Several subclades of Clade IA are associated with clusters of SCPL genes that are tandemly arranged in the genome. For example, SCPL proteins 2 to 6 are between 79% and 86% identical, and their corresponding genes are located together at the bottom of chromosome I (Fig. 1B). Interestingly, SCPL gene 1 is located on chromosome 5, but its encoded protein is 96% identical to that of SCPL gene 2 on chromosome 1 (Fig. 2). The mRNA sequences of these genes are 97% identical, nine of their 12 introns are greater than 74% identical (e.g. intron 10 of SCPL gene 1 is 97% identical to intron 10 of SCPL gene 2), and their 5′ and 3′ UTRs are highly similar.

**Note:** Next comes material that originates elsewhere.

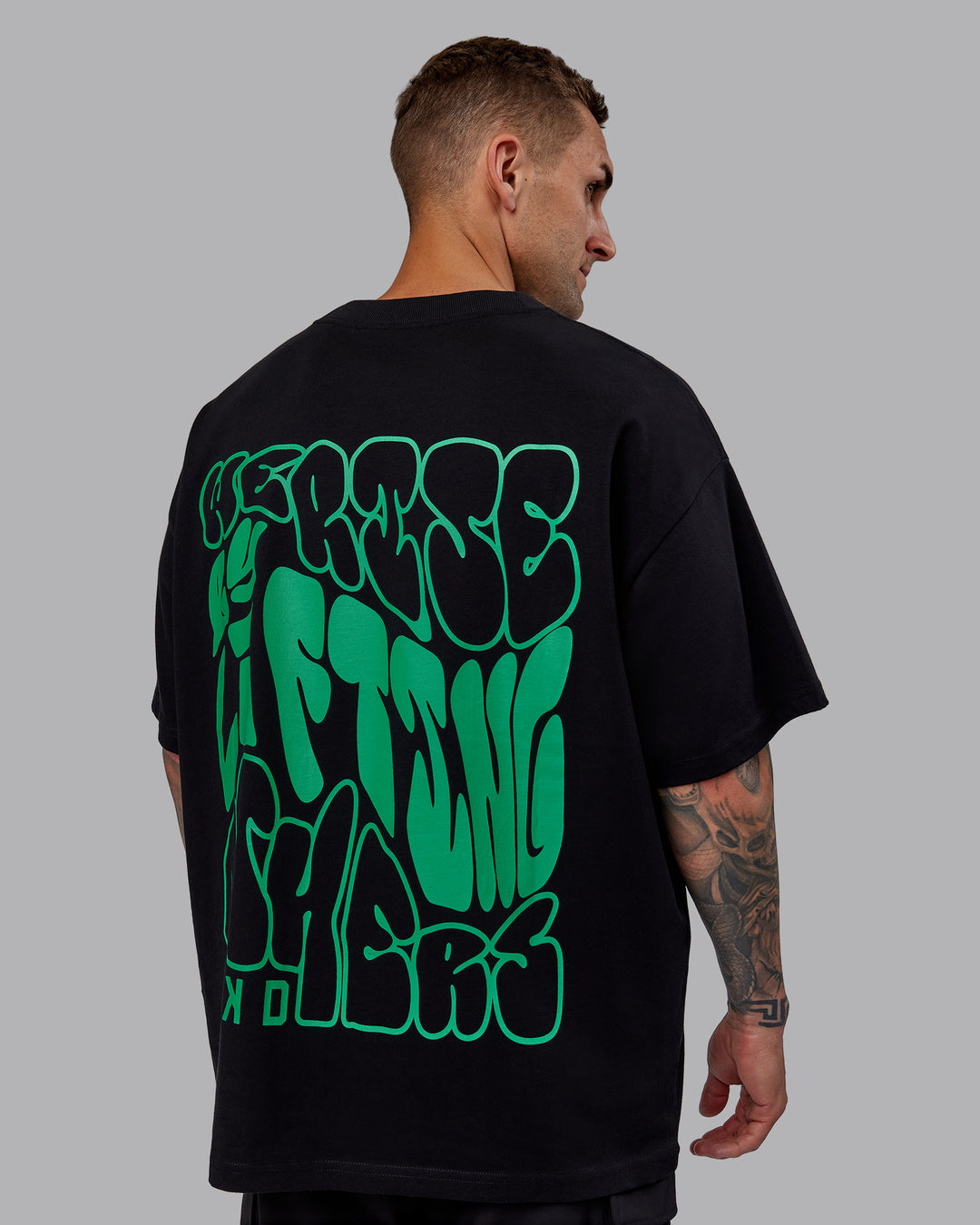 Man wearing Unisex We Rise Heavyweight Tee Oversize - Black-Impact Green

Furthermore, this identity extends through the region downstream of the two genes to include a portion of the gene that follows SCPL gene 2 (At1g72290) duplicated in the region downstream of SCPL gene 1. Taken together, these data suggest that SCPL gene 1 represents a duplication of SCPL gene 2 onto chromosome 5. Another SCPL gene cluster includes genes 8 through 13 on chromosome II. This group includes SNG1 (SCPL gene 8), which encodes SMT (Fig. 1A). Given that proteins encoded by the genes flanking SNG1 are over 70% identical to SMT (Fig. 2), it is tempting to speculate that these enzymes may share some functional characteristics.

Figure 2.

Figure 2.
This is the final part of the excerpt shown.